AJWs TaproomEarlier in the week, I was chatting with a runner I am coaching for this year’s Grindstone 100 Mile. Given that the race is now about three weeks away, she is at the apex of her training. This week, she is doing her key hill workout of the cycle: 12×1000-meter hill repeats. When I asked her about how she felt going into the workout, she replied that she was feeling “a mixture of excitement and dread.”

This response got me thinking of how many times we feel these conflicting emotions in our running lives. Whether ramping up our training for a big race or simply settling into a hard training block, often our excitement for the process goes hand and hand with a fair amount of dread at the prospect of putting out such a hard effort.

Indeed, I expect my runner to get back to me soon with an update on the workout in which she shares the facts that she lost feeling in her arms, had the taste of blood in her mouth, and was about two seconds away from puking after each repeat. Certainly, for any of us who’ve trained hard and stretched our bodies’ limits, we know those feelings.
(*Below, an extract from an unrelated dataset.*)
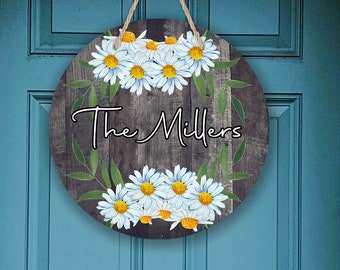 Puerta redonda colgador sublimación granja y madera sintética Daisy diseño de sublimación floral para 12.25 "puerta redonda blanco diseño digital PNG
And yet we also know the excitement that comes from that very same experience. We know the inherent value of putting in the work as well as the potential for great reward at the end of a seemingly debilitating training block. It also reminds me of the extension of this paradox to our daily lives. I can think of countless times in my job, as a dad, and as a runner when this duality has stared me smack dab in the face. I think, in the end, the most important thing we can do in running and in life is to embrace and accept the paradox and allow it to make us better and more complete. In that acceptance comes contentment.
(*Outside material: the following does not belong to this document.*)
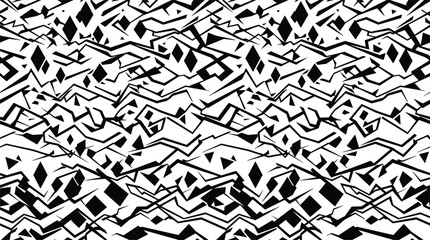 Abstract geometric graffiti style seamless pattern vector illustration, sharp black and white dynamic jagged line ornament texture for modern streetwear textile fabric. © mst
Life is often filled with challenges we don’t expect and don’t care to repeat. Therefore, it is my feeling that in preparing for those challenges it makes sense to set the stage for them by controlling what we can control and digging into those dark places when we can. In that process, we can often summon the strength and courage to exceed expectations in all aspects of life. And, if doing that brings us to the edge of collapse and utter exhaustion, then so be it!

Bottom up!

AJW’s Beer of the Week

Lawson's Finest Liquids Sip of Sunshine IPAThis week’s Beer of the Week comes from Lawson’s Finest Liquids in Warren, Vermont. Last weekend, in fact, I had the chance to travel to New England’s Beer Capital and was able to get my hands on Lawson’s Sip of Sunshine IPA. Dubbed a “tropical vacation in a glass,” I could not believe the balance and complexity of this great beer. Talk about a revelatory paradox!
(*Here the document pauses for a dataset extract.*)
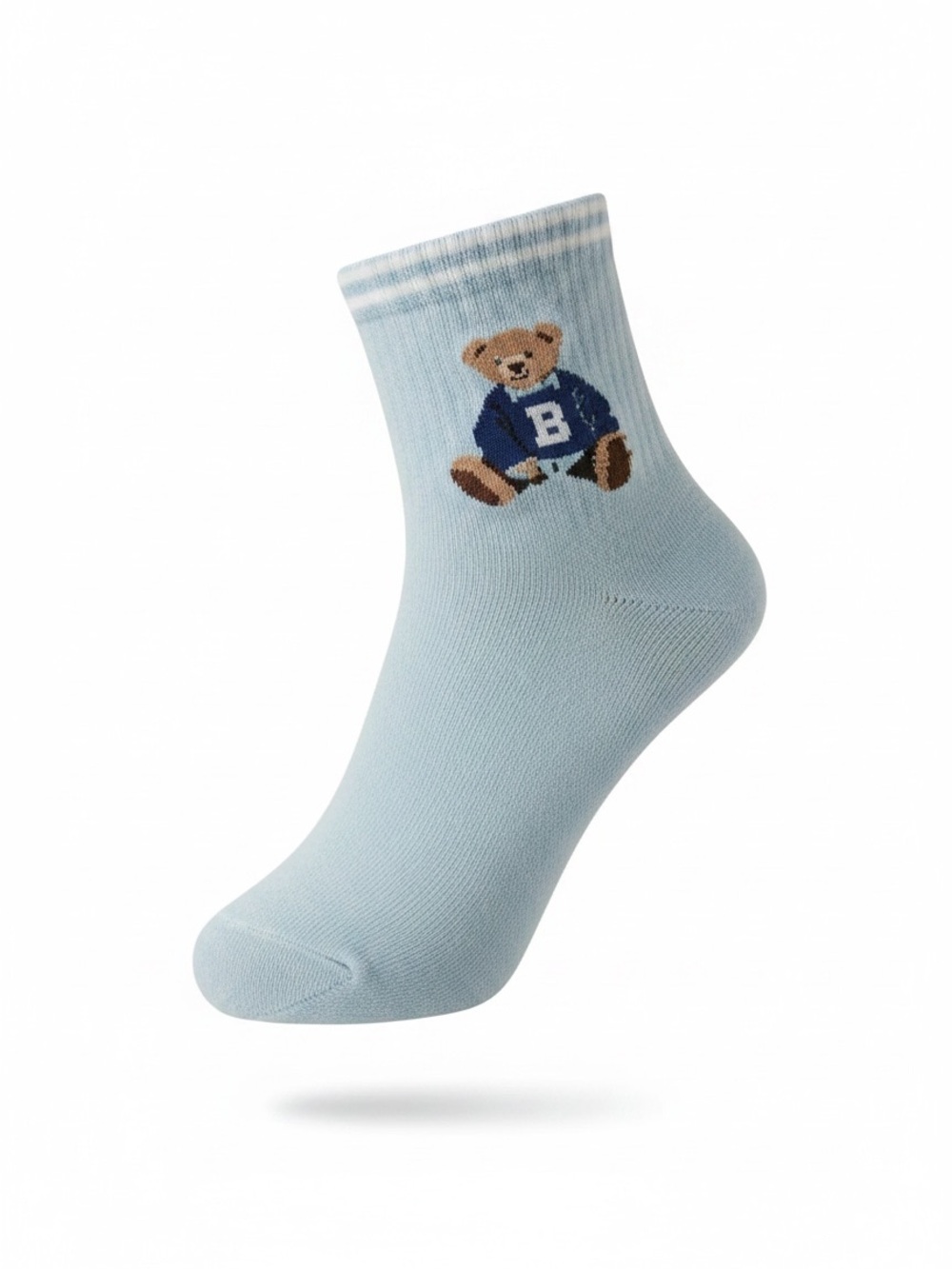 Embroidered Bear Crew Socks - Pack of 5 NWT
Call for Comments (from Meghan)

  • When preparing for a run or race you care about but that you know will be difficult, do you feel both excitement and dread? How do you deal with that conflicting emotional environment?
  • Have you ever felt so much dread for a run or race that it was almost handicapping? How did you get past those emotions and get to the start of that effort? And did that dread eventually give way to pure excitement?

There is one comment

  1. @NedBarrett1

    There are of course lots of these paradoxes in running (ultras). There's love/hate, expressed as "WTF? I'm never running again." There's the intense desire to stop and the (one hopes slightly at least) more intense desire to finish. And my favorite, the mixture of catatonia and euphoria when you cross the line.

    Good stuff, AJW. Thanks for provoking the line.